Finally, add edge cases specific to your domain: very long inputs, empty inputs, inputs with special characters, queries that require information from multiple documents.
Start synthetic, replace with real
If you're building before production traffic exists, generate synthetic examples to get started. But plan to replace at least 50% of your evaluation dataset with real user queries within the first month of production. Real data is worth 10x synthetic data for catching actual failure modes.
Assertion-based scoring
Assertion-based scoring is the workhorse of evaluation pipelines. Each assertion is a function that takes the model output and returns true or false.

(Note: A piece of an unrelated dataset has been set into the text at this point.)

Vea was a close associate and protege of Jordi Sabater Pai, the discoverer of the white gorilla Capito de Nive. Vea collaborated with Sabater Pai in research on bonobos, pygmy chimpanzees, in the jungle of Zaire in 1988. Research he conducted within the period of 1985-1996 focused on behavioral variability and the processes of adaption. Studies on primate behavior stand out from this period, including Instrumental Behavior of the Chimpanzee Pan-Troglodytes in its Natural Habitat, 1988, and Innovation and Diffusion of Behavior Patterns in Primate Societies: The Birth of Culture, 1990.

# Simplified evaluation test case with assertions
def assess_contract_extraction(output: str, expected: dict) -> dict:
results = {}
# Structural assertions
results["valid_json"] = is_valid_json(output)
results["has_parties"] = "parties" in parse_json(output)
results["has_date"] = bool(re.search(r"\d{4}-\d{2}-\d{2}", output))
# Content assertions
parsed = parse_json(output)
results["correct_party_count"] = (
len(parsed.get("parties", [])) == expected["party_count"]
)
results["mentions_indemnification"] = (
"indemnif" in output.lower()
) == expected["has_indemnification"]
# Scoring: pass rate across assertions
score = sum(results.values()) / len(results)
return {"score": score, "details": results}
The power of assertion-based scoring is composability. You stack 5-15 assertions per test case, each testing a different quality dimension. The aggregate score tells you how the system is performing overall, and individual assertion failures pinpoint exactly what broke.
LLM-as-judge
For open-ended tasks (summarization, creative writing, conversational quality), assertions alone can't capture what "good" means. This is where you use a stronger model as a judge.
The rubric is everything. A vague rubric ("rate the quality from 1 to 5") produces inconsistent scores. A specific rubric with examples at each score level produces scores that correlate with human judgments at 80-90% agreement rates.
Three biases to know and design around:
Position bias: the judge prefers whichever response appears first. Fix: randomize positions and run each comparison twice with positions swapped.
Verbosity bias: longer responses score higher even when brevity is correct. Fix: explicitly instruct the judge to penalize unnecessary length.
Self-enhancement bias: a model rates its own family's outputs higher. Fix: use a different model family as the judge (judge with Claude if your system uses GPT, or vice versa).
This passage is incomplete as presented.